Improve Your Credit Score
Paying off your car loan ahead of time will do wonders for your personal credit score. The next time you apply for a loan or mortgage, your improved credit score will bolster your chances of getting approved by the lender. Even making an extra payment here and there can go a long way toward boosting your credit score and unlocking lower interest rates on future loans.
Redirect Money to Other Debt
Once your car loan is repaid, you will have extra money at the end of the month to dedicate to other expenses or debts. Freeing up additional money is a major confidence boost that can be put to good use. For instance, an extra $200 to spend on credit card debt or student loan repayments can accelerate your path to financial freedom.
Why You Shouldn’t Pay It Off
There are a few reasons why you might want to consider holding off on repaying your car loan early. We’ve listed them below.
Prepayment Fees and Penalties
Before making your first extra car payment, read the fine print of your car loan agreement. If the terms mention prepayment penalties, then you may be better off repaying your loan over its regular timeline. Often, prepayment fees are included in car loan contracts so the lender can recoup any losses made by borrowers repaying early and skipping interest payments.
In most cases, the financial benefits of missing a year’s worth of interest payments are offset by prepayment fees.
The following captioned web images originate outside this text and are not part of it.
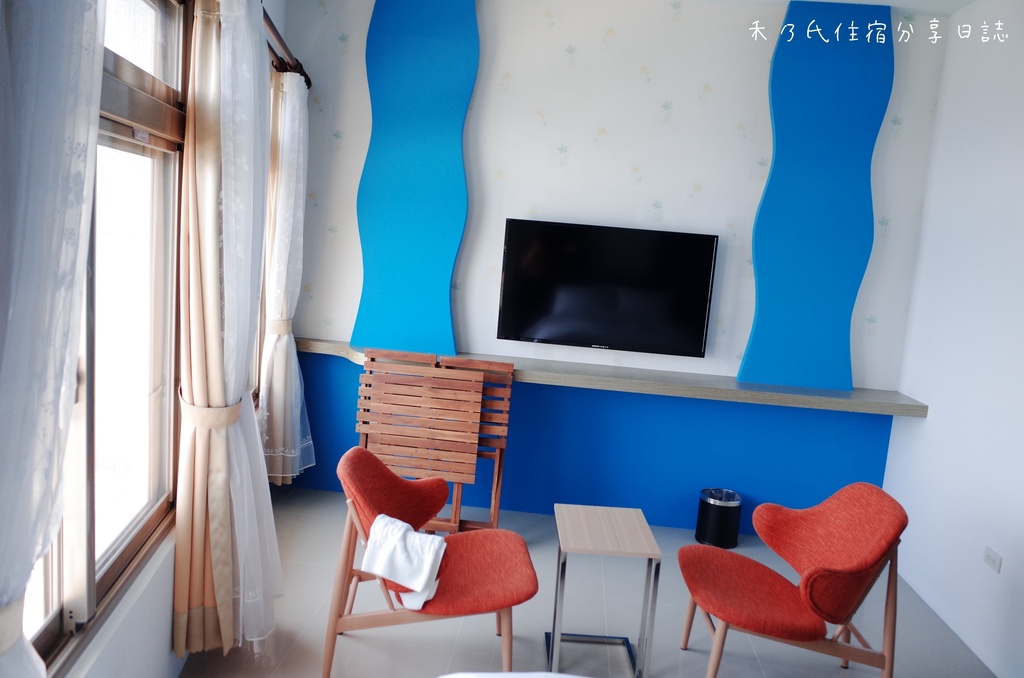                                                           Hotel Cube                                821                                Taitung             
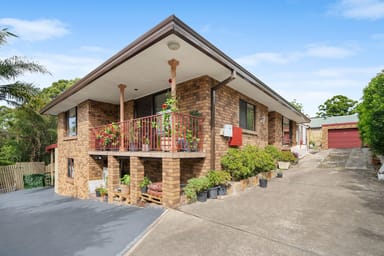 Property 5 Johnstone Street, Peakhurst NSW 2210 IMAGE 0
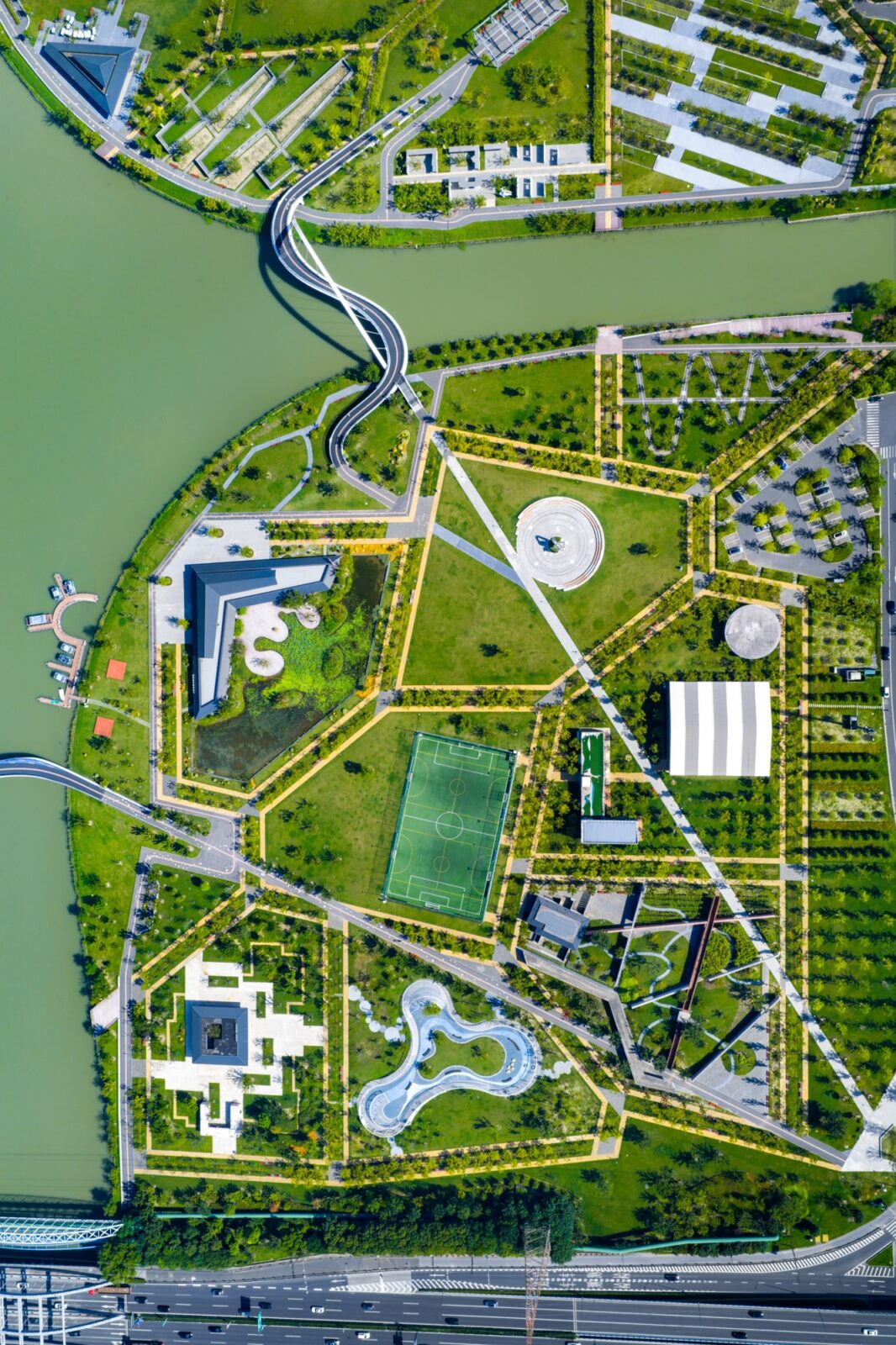 jyDJI_20250521065701_0189_D-编辑-©山间影像 Shan-jian images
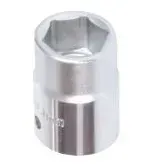 corona-c-1730-nasadka-3-4-szesciokatna-30mm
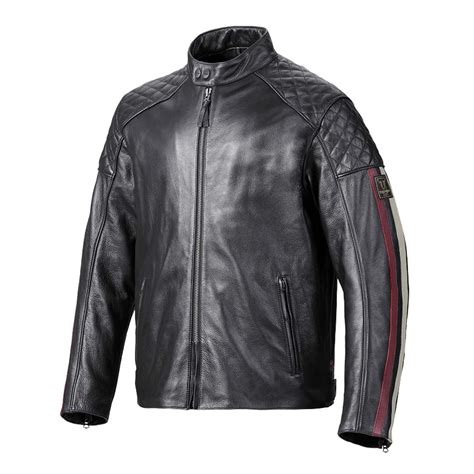 triumph jackets for sale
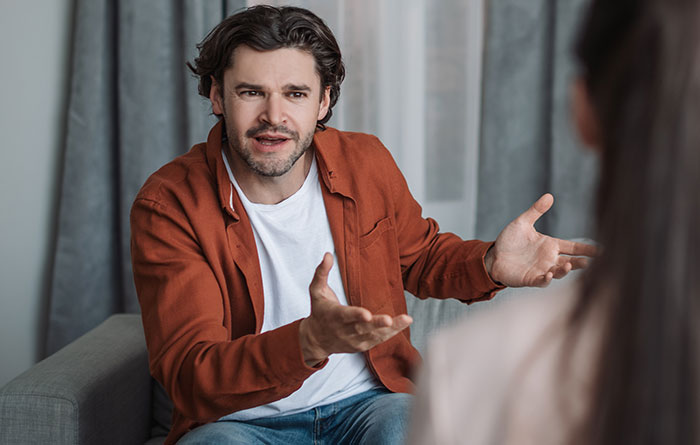 50 Weird Everyday Life Hacks People Find Surprisingly Helpful And Worth Sharing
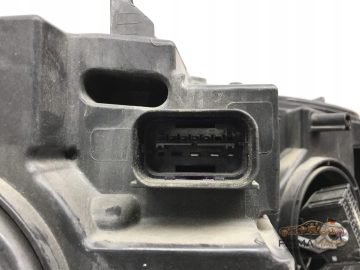 Foto 13 von Frontscheinwerfer BMW LED 7471347 Links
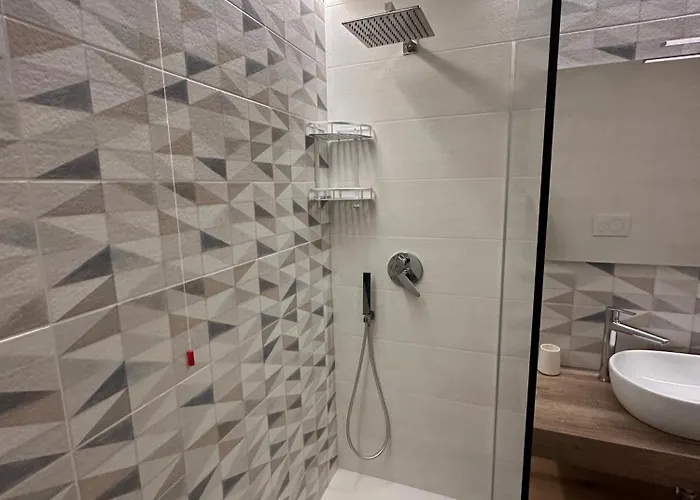 Sunsea - Enjoy Your Family Апарт-отель 4*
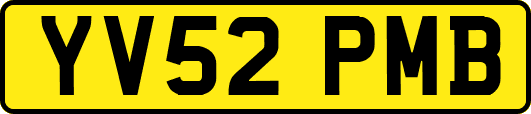 YV52PMB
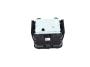 View CENTER STACK, CENTER STACK CONTROLS. Upper.  Full-Sized Product Image
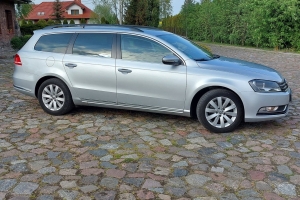 passat (1)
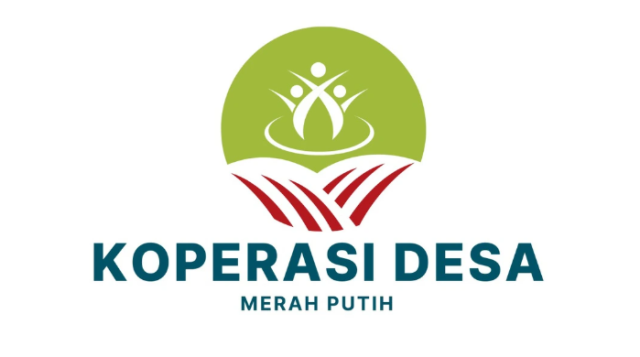 5 Rekomendasi Strategis KPK Perlu Diketahui Pengurus Koperasi Desa Merah Putih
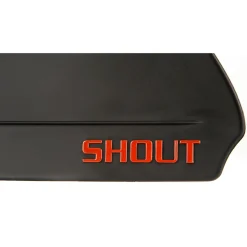 SEAC Aletas de pesca submarina Shout S700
However, to be on the safe side, it never hurts to do the math yourself to see whether your fees outweigh the cost savings of early repayment.
Your Credit Score May Worsen
Although it may sound like a paradox to some, repaying your car loan early may hurt your credit score. When you make steady, regular repayments over a long timespan, your credit score gradually improves. However, making early payments will shorten the timeline that you have to bolster your credit score, which might leave your score worse-off than it would be otherwise.
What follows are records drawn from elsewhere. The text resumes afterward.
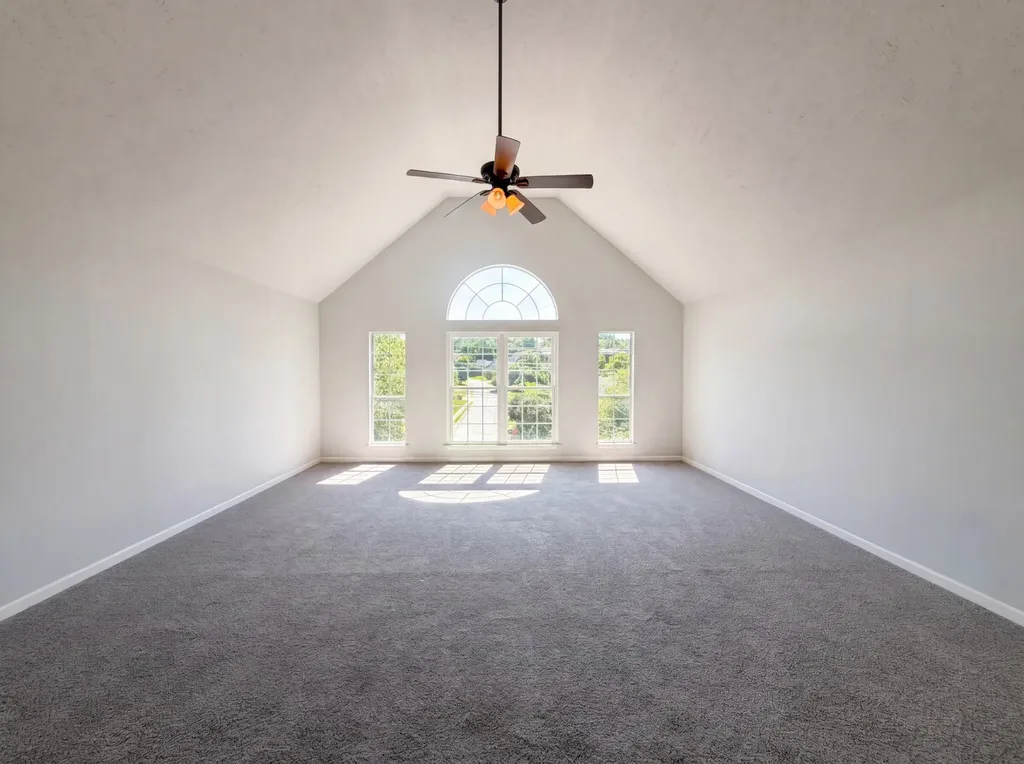 3708 Cobble Street Nashville TN 37211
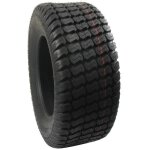 Pneu 15x600x6 pour tondeuses autoportées mtd 734 - 1731 Pneu 15x600x6 pour tondeuses autoportées mtd 734 - 1731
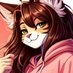 VersaTwix (@versatwix) Twitter profile photo VersaTwix (@versatwix) Twitter profile photo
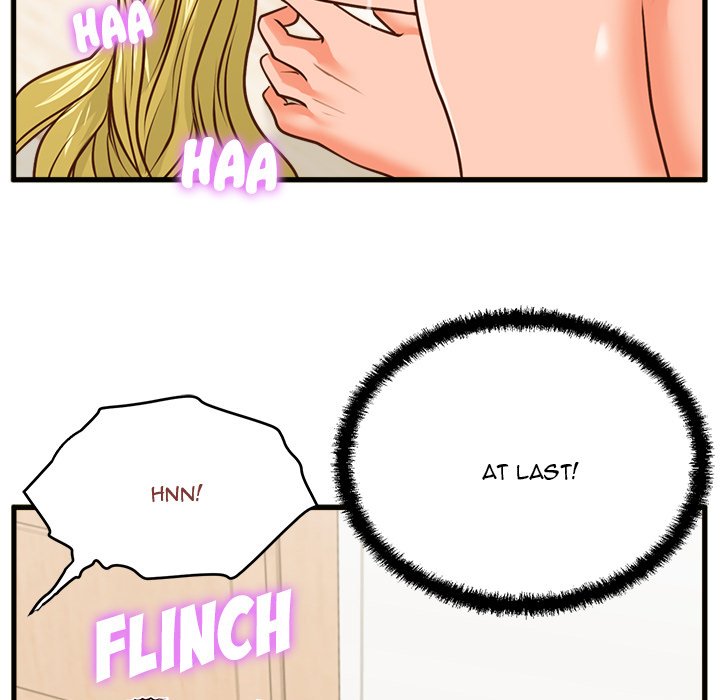 The Guest House - Chapter 13 [photo 114] - MangaPorn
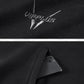 Hoodie Masque Tactique Confortable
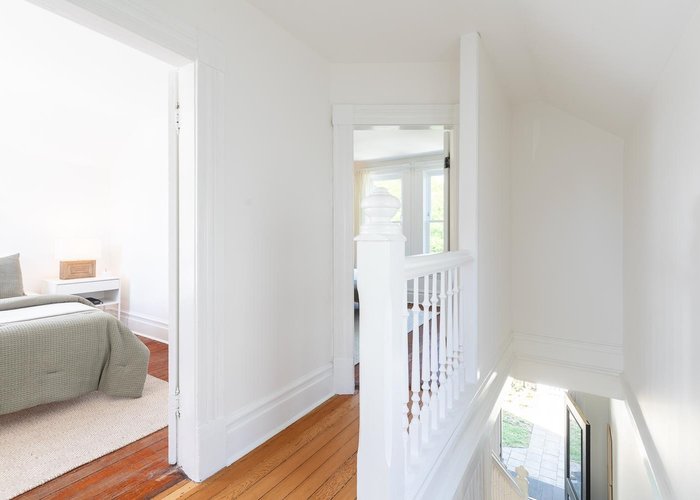 618 Union Street, Vancouver, BC V6A 2B9 |  Photo 52
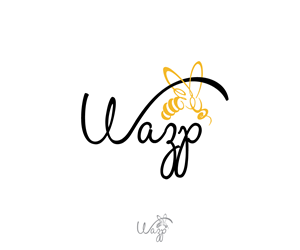 Logo Design by karthik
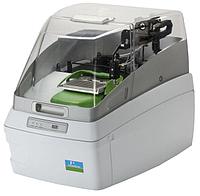 Дифференциальные сканирующие калориметры PerkinElmer DSC 8000/8500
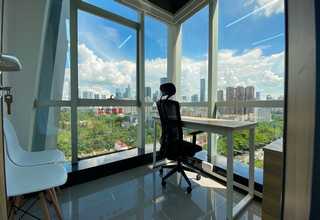 北海现代旅拍哪家好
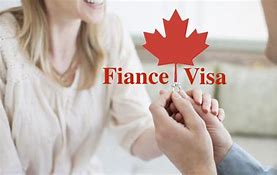 Image result for Fiance Visa Process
For some, dedicating additional funds to car loan repayments requires sacrifices to be made elsewhere in their budget. Consequently, the extra money required to repay a car loan early might result in undesirable lifestyle changes that might not be in the best interest of the borrower. Before making additional repayments, consider whether you can afford to so without your lifestyle or standard of living taking a hit.
The Keys to Debt Repayment
There’s no magic bullet strategy to repaying your loans and achieving financial freedom. Whatever your strategy, it’s going to have to involve discipline, discretion, patience, and a ramped-up work ethic.
Ultimately, a divide and conquer debt prioritization strategy is one that seems to work best for many individuals juggling multiple repayments. Under this arrangement, the borrower tackles high-interest debt first (such as credit card debt), and then gradually knocks off each debt stream one-by-one from highest to lowest interest.
There are three choices that borrowers must choose from when they’re ramping up their debt repayments. Borrowers can either reduce discretionary spending, earn more money, or shift spending from one expense (i.e., a $100 gym membership) to another (a $100 loan payment).
To repay your debts faster—car loan or otherwise—you will ideally find a way to combine the three options above to silo more money toward your debts. Although it might seem like a pain, you will thank yourself later when you find out how much you saved on interest alone.
If you’re wondering, “should I pay off my car early?” The answer is probably a resounding, “yes.” Unless your car loan comes with steep prepayment penalties, it’s always advised that you pay off your debt as early as possible.
Alternatively, refinancing your car loan is another excellent way to save money on your car payments. How you decide to repay your car loan will ultimately hinge on the terms included in your car loan agreement. Specifically, that is whether your prepayment penalties exceed the accumulated savings of foregoing a year’s worth of interest payments.